Ainsi les deux questions initiales ne font-elles plus qu’une. Où est l’Autre ? Ainsi posée, la question peut s’entendre sous deux angles, celui de l’épistémè ou celui de la noésis. C’est évidemment à ce dernier point de vue que s’attachera le phénoménologue, reléguant le premier à une vision objectale et médiate de l’étant qui, alors, n’est plus tout-à-fait là ni vraiment ailleurs. Déjà dans L’ Etre et le Néant, Sartre pose cette vérité méthodologique essentielle que « si toute métaphysique (…)  suppose une théorie de la connaissance, en revanche toute théorie de la connaissance suppose une métaphysique ». Perspective sans fond et illusoire d’un cercle vicieux. Sartre tente la sortie phénoménologique. La phénoménologie autorise en effet une connaissance première non fondée et fondatrice. Elle n’est pas une « théorie de la connaissance », mais une méthode de connaissance immédiate. Celle que Bergson cherchait en vain dans la conscience de la durée, Sartre la trouve dans la conscience de soi non-thétique, sorte de Cogito cartésien sans cartésianisme. L’existant existe dans la conscientisation même de l’existentialité de soi.

 

Mais depuis Kant peut-on admettre une connaissance fondée sur la conscience ? Hegel le premier a instauré l’idée d’une « phénoménologie », qui nous extrait hors de l’antagonisme originel entre empirisme, phénoménalité, et  rationalisme, essentialité. Husserl et Heidegger ont perfectionné l’outil pour le prémunir contre les attaques positivistes d’analyse du langage. Sartre et toute l’école française de l’après-guerre s’emparent de cette phénoménologie qui permet de lire dans la visée du monde-là l’essentialité qui permet d’en dire le vrai. Avec bonheur on retrouve une forme renouvelée de la certitude cartésienne. La philosophie qui aime parler du monde est de nouveau prête pour fournir des discours.

 

Un arbre, d’essence inattendue, est né de cette graine.

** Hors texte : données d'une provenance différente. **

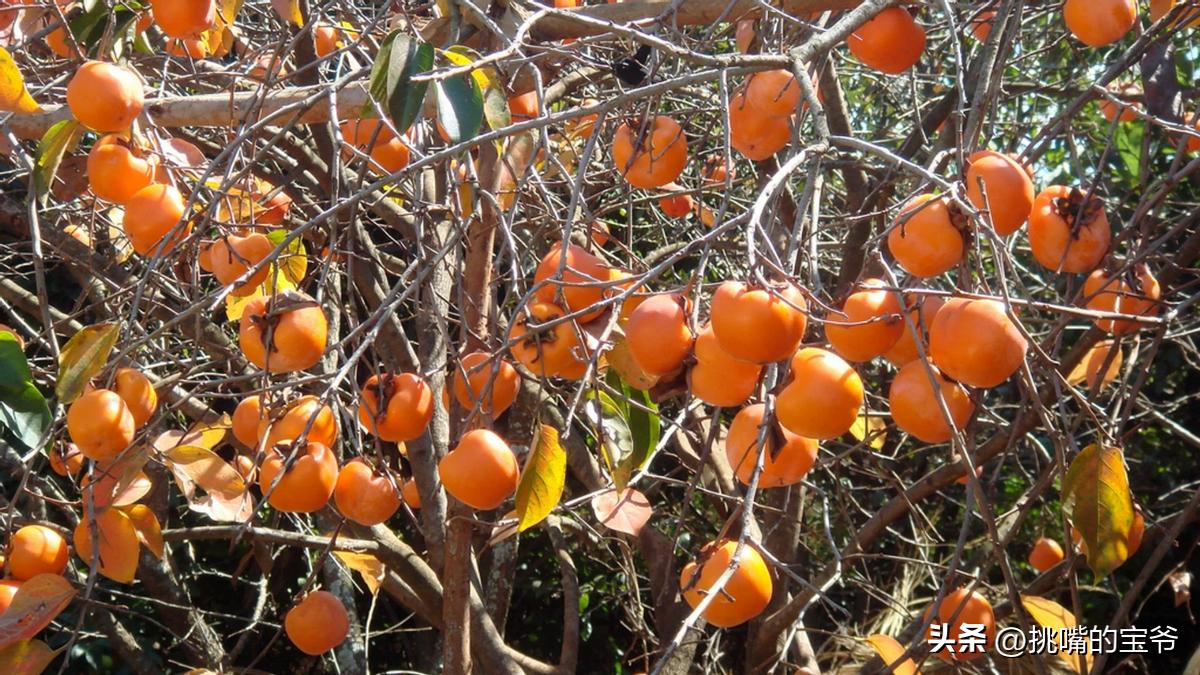带毛的猕猴桃硬的可以吃吗,无毛猕猴桃野生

Cet arbre, dans son épiphanie philosophique ne s’est pas apparu à soi comme tel, mais plutôt comme une forêt le cachant, à l’inverse de la figure majoritaire. En effet, chacune de ses branches se dressant contre les autres, ce n’est qu’une altérité foncière et étrangère qui, la nommant, la révéla à l’existence. Je veux dire que la pensée américaine, en dévoilant ce qu’elle a nommé labellisé en tant que comme « French theory », a, du même geste noétique, identifié et créé ce qu’elle révélait, à savoir l’unité profonde d’une épopée aux chapitres et versants multiples et antagonistes.

 

Face, en effet, aux progrès scientistes du positivisme et de ce qui fut appelé une philosophie analytique, se dressait une fière pensée qui ne briguait rien de moins que rendre compte du réel. Certes, dans cette aventure, les uns voulaient penser le monde dans sa totalité, ou plutôt en dire la totalité pensée, tandis que les autres ne pensaient pouvoir et ne voulaient qu’en penser des êtres, certes dans leur essentialité, mais toujours dans l’inachevé du dire de l’étant. Cette déchirure profonde, et d’autres que la dimension modeste de ce texte me préviennent m’empêchent de décrire dans leur intimité, fait partie de la réalité philosophique radicale de ce temps. Mais il est vrai que la racine de l’arbre se transmet en toutes ses parties et anime essentiellement l’être de chaque feuille originée.

 

Il n’est nul besoin de revendiquer quelque outre-atlantisme ni quelque scientisme que ce soit pour saisir et com-prendre que l’arbre en question ne se conçoit pas, précisément, comme question, mais comme réponse. La sève commune qui l’anime, c’est une confiance radicale dans l’épiphanie noétique. Descartes aurait parlé d’évidence, d’autres de révélation. Or le doute, le questionnement, l’inquiétude, qui sont les symptômes et le nutriment même de l’ascèse philosophique sont absents parce que chassés par l’épiphanie, dont c’est la gloire assumée. Brusquement alors revient le spectre de la dogma scientiste, la crédulité positiviste, étrangement accousinée à une enquête pourtant partie de la phénoménologie. »

 

 

 

 

C’est à ce point que s’arrête en suspension le texte de notre philosophe. Je crois savoir, mais en aurai-je jamais l’évidence ? qu’à ce moment, enfermé dans son poêle, ayant fondu et rendu solide de nouveau et maintes fois son morceau de cire, ayant brûlé sa dernière chandelle, il s’aperçut que son encrier était maintenant vide et que la matière était bien là pour lui imposer ses conditions.